__ACTIVITY__
What you give must be the lines from the one containing "Lost Male Cat" through the last line of the listing below, exactly, with nothing else and no pictures.

__DATA TO PROCESS__
....................

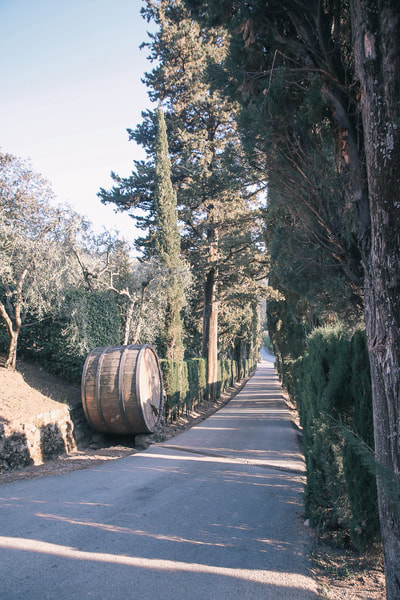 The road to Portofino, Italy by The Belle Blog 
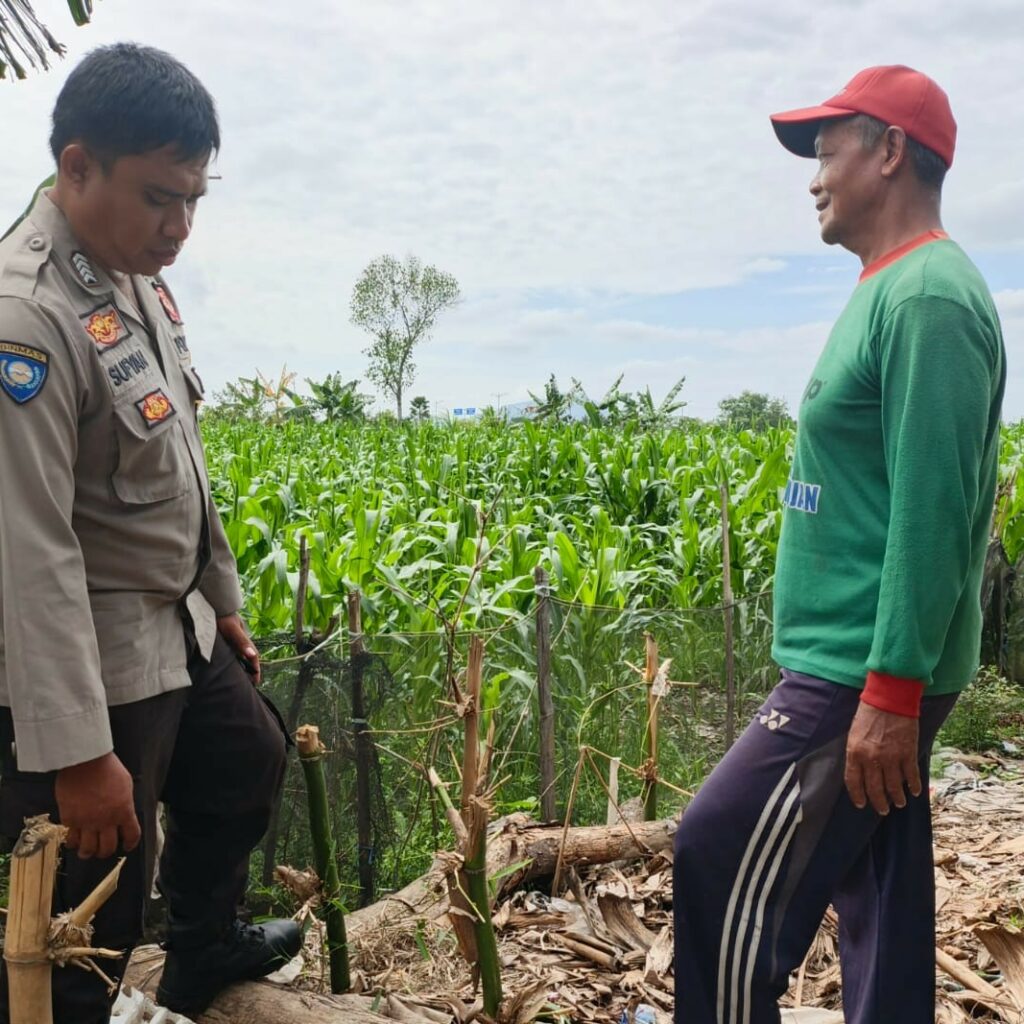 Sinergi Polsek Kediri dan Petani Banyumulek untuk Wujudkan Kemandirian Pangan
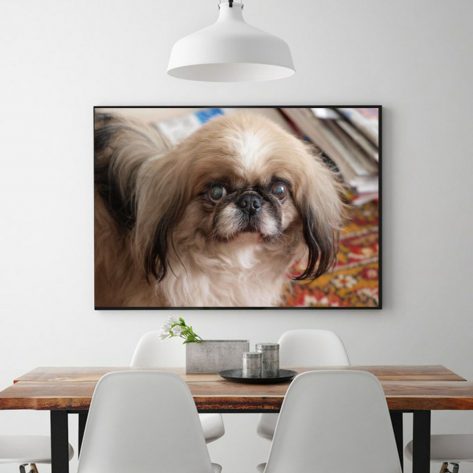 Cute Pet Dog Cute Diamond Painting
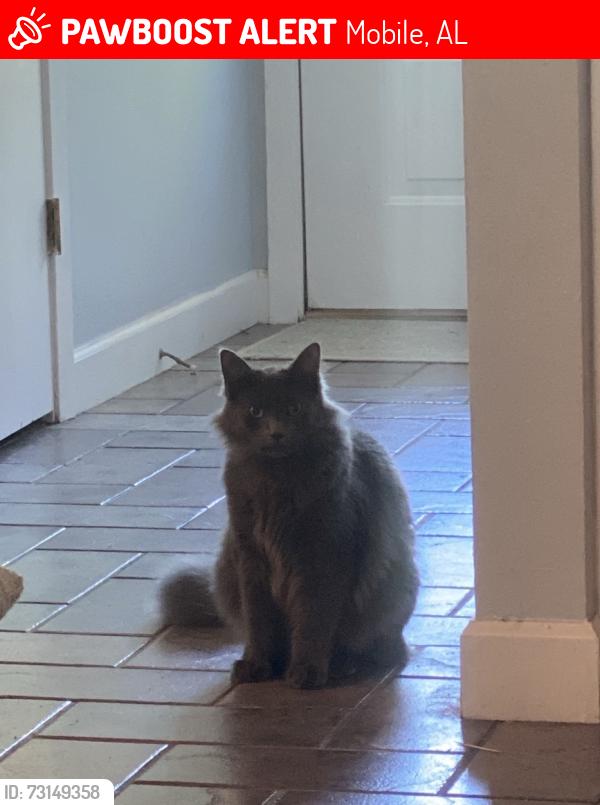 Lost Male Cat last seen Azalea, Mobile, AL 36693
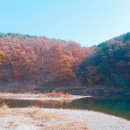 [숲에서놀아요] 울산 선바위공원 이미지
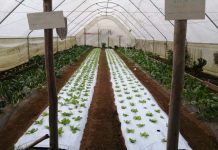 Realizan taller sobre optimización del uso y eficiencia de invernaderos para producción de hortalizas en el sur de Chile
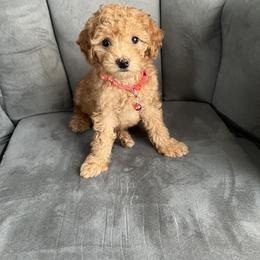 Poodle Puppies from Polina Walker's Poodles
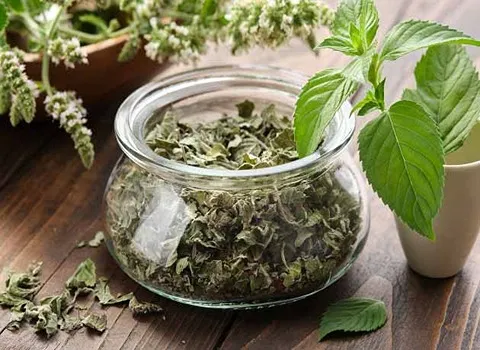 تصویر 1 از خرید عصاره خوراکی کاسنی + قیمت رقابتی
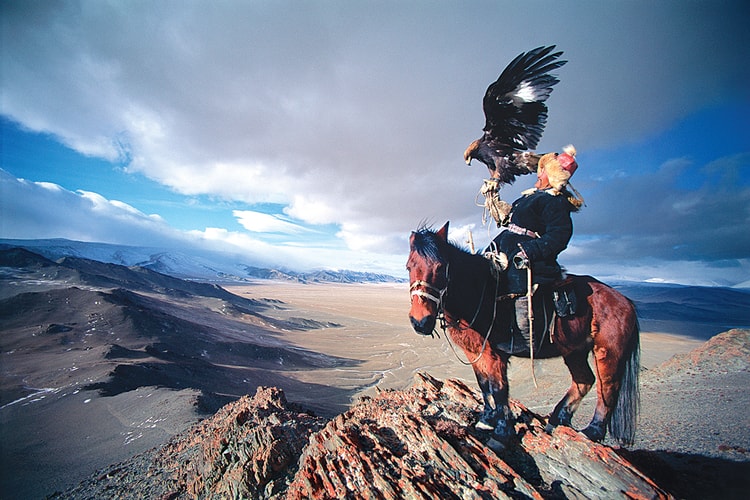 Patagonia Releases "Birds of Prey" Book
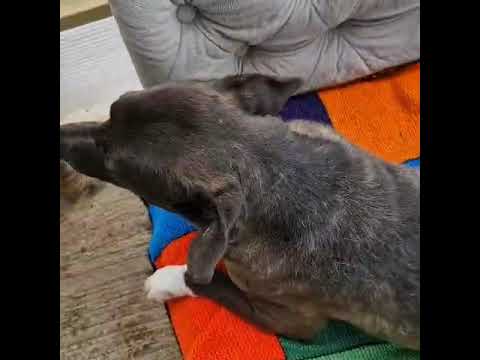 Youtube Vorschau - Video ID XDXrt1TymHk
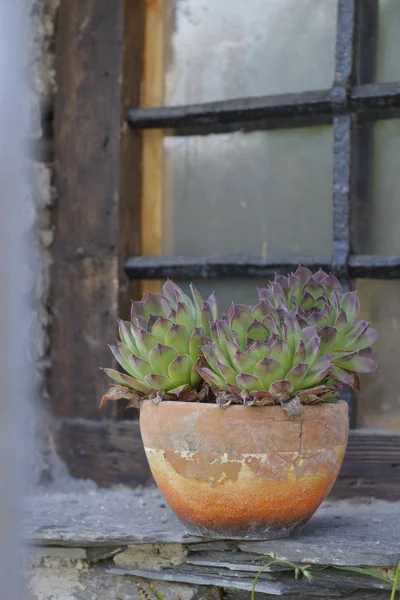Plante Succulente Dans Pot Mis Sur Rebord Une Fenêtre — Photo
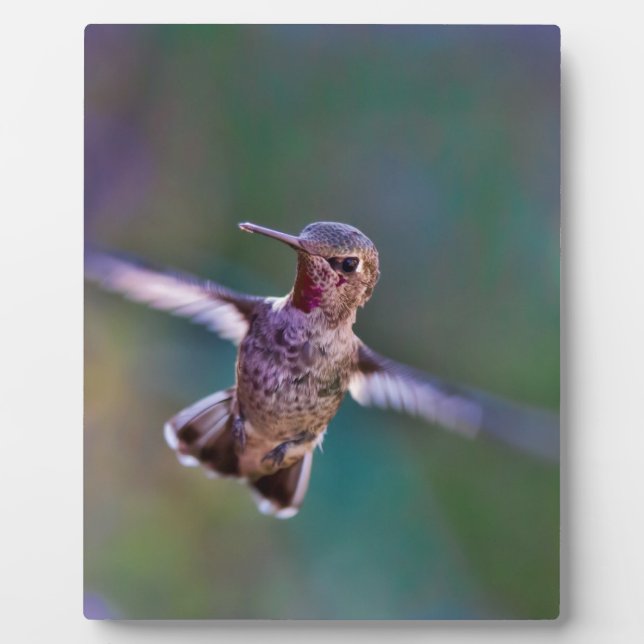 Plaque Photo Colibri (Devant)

....................

__WRITTEN SOLUTION__
 Lost Male Cat last seen Azalea, Mobile, AL 36693
 [숲에서놀아요] 울산 선바위공원 이미지
 Realizan taller sobre optimización del uso y eficiencia de invernaderos para producción de hortalizas en el sur de Chile
 Poodle Puppies from Polina Walker's Poodles
 تصویر 1 از خرید عصاره خوراکی کاسنی + قیمت رقابتی
 Patagonia Releases "Birds of Prey" Book
 Youtube Vorschau - Video ID XDXrt1TymHk
Plante Succulente Dans Pot Mis Sur Rebord Une Fenêtre — Photo
 Plaque Photo Colibri (Devant)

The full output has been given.